The New York Times
January 3, 2012
The Head Start program, which prepares disadvantaged 3- and 4-year-olds for school, has served nearly 30 million children since it was created in 1965. While there is little doubt that the federal program is critically important for these children and their parents, quality varies widely among programs.
Over the years, Congress has tried to strengthen oversight and improve the $8 billion program. In December, the Obama administration put into effect a sensible evaluation system that will allow federal officials to judge the effectiveness of individual Head Start centers and to shut down chronic low performers.
Last month, scores of Head Start grant recipients in about 40 states -- including those in New York City, Los Angeles, Baltimore and New Haven -- were informed that they will be required to reapply for their grants because they do not meet certain administrative requirements. Those programs will now have to compete with other potential providers, who will have a chance to show that they can do a better job.

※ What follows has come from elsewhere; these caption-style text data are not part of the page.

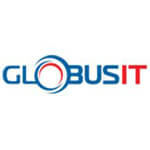 Globus Informatics India Pvt Ltd logo
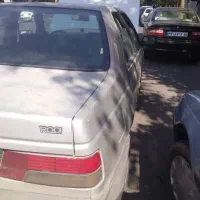 روآ|خودرو سواری و وانت|سهند, |دیوار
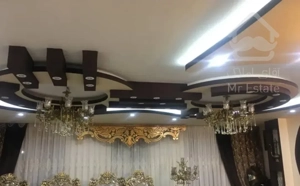 واحد ۱۶۰ متری شیرخوارگاه نزدیک‌دریاچه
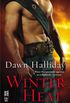 Winter Heat: (InterMix) (English Edition)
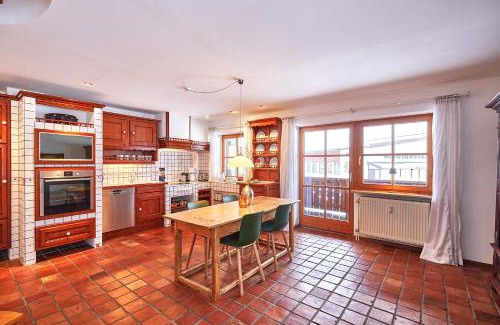 Reit im Winkl Apartment | Ferienwohnung Schencking 1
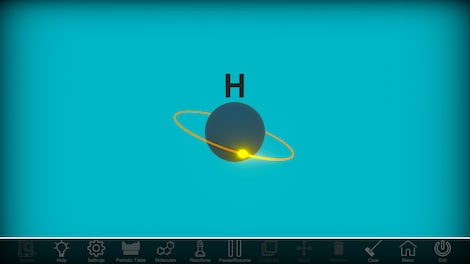 Project Chemistry (PC) - Steam Key - GLOBAL - 9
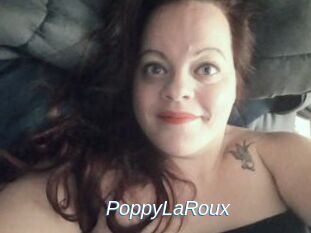 PoppyLaRoux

These reforms are part of the Improving Head Start for School Readiness Act of 2007, which required programs to raise teacher qualifications, improve classroom offerings and broaden access to vulnerable groups, including children who are homeless.
In the next few years, all the country's 1,800 or so Head Start grant holders will be evaluated for performance, including the effectiveness of teachers as measured by visiting evaluators. The classroom rating system will begin this year, and deficient programs will be reviewed for eligibility for federal money. The reforms, which also include more technical assistance for program providers, have the backing of Head Start defenders like the National Head Start Association, which supports greater accountability from the preschool centers.
Even as the Obama administration strengthens performance measures, financing for Head Start may be at risk in fiscal 2013, when big federal spending cuts start to kick in. Education is a major part of the nondefense discretionary budget that falls under the spending caps approved by Congress. Preschool for disadvantaged children should not be another casualty of the budget wars.